Salies-de-Béarn : la Cité du Sel
« Si you nou eri mourt, arres n'y bibéré » (Si je n'y étais pas mort, personne n'y vivrait.).
Cette phrase gravée, au-dessus d’une sculpture de sanglier, au cœur de la cité béarnaise de Salies (dans les Pyrénées-Atlantiques), rappelle à tous les origines légendaires de la ville et de la découverte du sel qui fait sa richesse.
Selon la mémoire locale, c’est au cours d’une chasse menée par le célèbre comte de Foix, Gaston Phœbus, qu’un sanglier blessé disparait dans les marais. Il est retrouvé quelques jours plus tard, mort, mais en parfait état de conservation et couvert d’une fine pellicule brillante, formée par les cristaux de sel après évaporation de l’eau.
Les salines découvertes à cette occasion auraient entraîné la fondation de la ville.
En réalité, les eaux salées de cette région du Béarn sont connues et exploitées dès l’Âge du Bronze. À l’époque romaine, ces eaux sont utilisées pour en extraire le sel, mais également pour des soins thermaux.
Dès le Moyen-Âge, la ville se construit et s’organise, « en escargot » autour de la place centrale du Bayaà où se trouve la source principale de la ville. Les voisins, appelés besis, sont tous propriétaires de la source salée.
Au fil des siècles, les règles concernant l’utilisation de l’eau s’établissent, jusqu’en 1587, date à laquelle elles sont inscrites par écrit dans le « Livre Noir » de la cité. Les propriétaires de la source prennent alors le nom de « Parts-Prenants de la Fontaine Salée ».
Les journées sont alors rythmées par des coups de cloches qui annoncent la puisée de l’eau salée par les tiredous (porteurs) qui utilisent des sameaux (cuves en bois de 92 litres environ). Ils les déversent dans les coulédés, réservoirs extérieurs aux maisons, acheminant l’eau vers les poêles privés, permettant l’extraction du sel.

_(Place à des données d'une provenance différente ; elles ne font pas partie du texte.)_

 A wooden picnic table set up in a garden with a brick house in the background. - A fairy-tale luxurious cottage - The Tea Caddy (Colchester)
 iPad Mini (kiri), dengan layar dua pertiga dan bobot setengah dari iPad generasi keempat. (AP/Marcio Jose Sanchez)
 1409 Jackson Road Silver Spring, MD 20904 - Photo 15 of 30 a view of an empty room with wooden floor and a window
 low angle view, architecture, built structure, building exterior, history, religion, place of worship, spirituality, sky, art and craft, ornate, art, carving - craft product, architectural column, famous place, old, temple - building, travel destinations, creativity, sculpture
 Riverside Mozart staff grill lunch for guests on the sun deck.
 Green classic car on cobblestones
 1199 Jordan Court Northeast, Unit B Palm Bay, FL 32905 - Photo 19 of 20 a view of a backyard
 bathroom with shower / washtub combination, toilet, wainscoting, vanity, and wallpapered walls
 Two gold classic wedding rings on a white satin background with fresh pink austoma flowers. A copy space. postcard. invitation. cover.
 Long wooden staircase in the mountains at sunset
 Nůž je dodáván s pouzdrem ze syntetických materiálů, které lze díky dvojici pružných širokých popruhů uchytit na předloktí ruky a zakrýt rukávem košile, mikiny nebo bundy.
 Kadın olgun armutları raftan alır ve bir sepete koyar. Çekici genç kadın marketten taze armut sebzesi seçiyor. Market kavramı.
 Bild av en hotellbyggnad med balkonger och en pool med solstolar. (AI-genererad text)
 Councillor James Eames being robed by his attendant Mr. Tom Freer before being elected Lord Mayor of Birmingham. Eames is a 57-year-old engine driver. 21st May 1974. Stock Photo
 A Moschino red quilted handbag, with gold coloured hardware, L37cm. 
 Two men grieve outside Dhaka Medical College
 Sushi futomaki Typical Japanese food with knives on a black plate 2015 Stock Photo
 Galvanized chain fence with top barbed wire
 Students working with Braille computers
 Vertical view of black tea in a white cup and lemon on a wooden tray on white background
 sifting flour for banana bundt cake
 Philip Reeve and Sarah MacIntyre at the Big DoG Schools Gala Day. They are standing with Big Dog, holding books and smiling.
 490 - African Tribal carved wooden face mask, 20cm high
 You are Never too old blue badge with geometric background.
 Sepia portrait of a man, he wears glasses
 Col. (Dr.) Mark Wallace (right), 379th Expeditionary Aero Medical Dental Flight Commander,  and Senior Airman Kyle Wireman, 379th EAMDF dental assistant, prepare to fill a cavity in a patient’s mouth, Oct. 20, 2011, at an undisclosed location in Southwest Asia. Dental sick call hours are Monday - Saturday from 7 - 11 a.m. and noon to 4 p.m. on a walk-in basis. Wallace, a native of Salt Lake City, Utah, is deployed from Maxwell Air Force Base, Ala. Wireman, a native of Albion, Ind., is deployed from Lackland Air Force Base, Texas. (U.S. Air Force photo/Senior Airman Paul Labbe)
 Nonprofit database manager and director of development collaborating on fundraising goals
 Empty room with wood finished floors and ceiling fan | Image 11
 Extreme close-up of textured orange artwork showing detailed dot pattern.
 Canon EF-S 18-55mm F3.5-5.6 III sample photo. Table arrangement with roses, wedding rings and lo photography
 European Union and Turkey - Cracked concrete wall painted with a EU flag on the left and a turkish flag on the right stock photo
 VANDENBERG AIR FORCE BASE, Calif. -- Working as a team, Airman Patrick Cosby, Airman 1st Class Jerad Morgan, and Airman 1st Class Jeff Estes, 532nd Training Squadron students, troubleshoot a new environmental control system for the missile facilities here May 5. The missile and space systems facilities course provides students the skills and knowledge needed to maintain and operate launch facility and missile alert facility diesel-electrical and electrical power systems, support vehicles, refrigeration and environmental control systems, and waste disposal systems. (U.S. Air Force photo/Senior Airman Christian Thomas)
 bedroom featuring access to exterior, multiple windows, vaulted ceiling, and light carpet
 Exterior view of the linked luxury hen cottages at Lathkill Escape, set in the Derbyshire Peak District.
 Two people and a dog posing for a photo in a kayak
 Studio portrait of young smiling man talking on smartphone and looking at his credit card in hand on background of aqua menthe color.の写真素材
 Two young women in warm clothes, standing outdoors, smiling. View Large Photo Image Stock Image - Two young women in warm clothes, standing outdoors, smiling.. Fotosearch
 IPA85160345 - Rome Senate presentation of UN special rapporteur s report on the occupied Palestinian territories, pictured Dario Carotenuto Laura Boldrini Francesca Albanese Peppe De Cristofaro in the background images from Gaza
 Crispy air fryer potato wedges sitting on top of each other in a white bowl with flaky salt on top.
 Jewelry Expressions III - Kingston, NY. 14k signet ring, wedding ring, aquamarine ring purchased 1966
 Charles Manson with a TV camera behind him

Le nombre de sameaux par habitant est régit par le Livre Noir et appelé Compte de Saüce. Il est fonction du statut marital et de la place de chacun dans la fratrie. Les héritiers sont toujours les aînés mâles. Mais les filles peuvent devenir Part-Prenant, en cas d’absence de frère. Pour être Part-Prenant il faut également résider depuis au moins 6 mois dans Salies.
Malgré les soubresauts de l’histoire et les tentatives de plusieurs souverains de s’emparer de cette richesse, les Salisiens ont conservé la propriété de leur fontaine salée.
Si, aujourd’hui, l’exploitation du sel s’est semi-industrialisée, les Par-Prenants en sont toujours les bénéficiaires et les règles de succession et de propriété de 1587 s’appliquent encore.
Les Part-Prenants, également propriétaires des thermes de la ville qui se sont développés au XIXe siècle, louent l’exploitation de ces richesses à plusieurs sociétés.
Jusqu’en 2060, l’exploitation de la saline est confiée au Consortium du jambon de Bayonne. Ainsi, ce jambon renommé du Pays Basque ne peut être labellisé IGP que s’il est salé avec le sel de Salies-de-Béarn.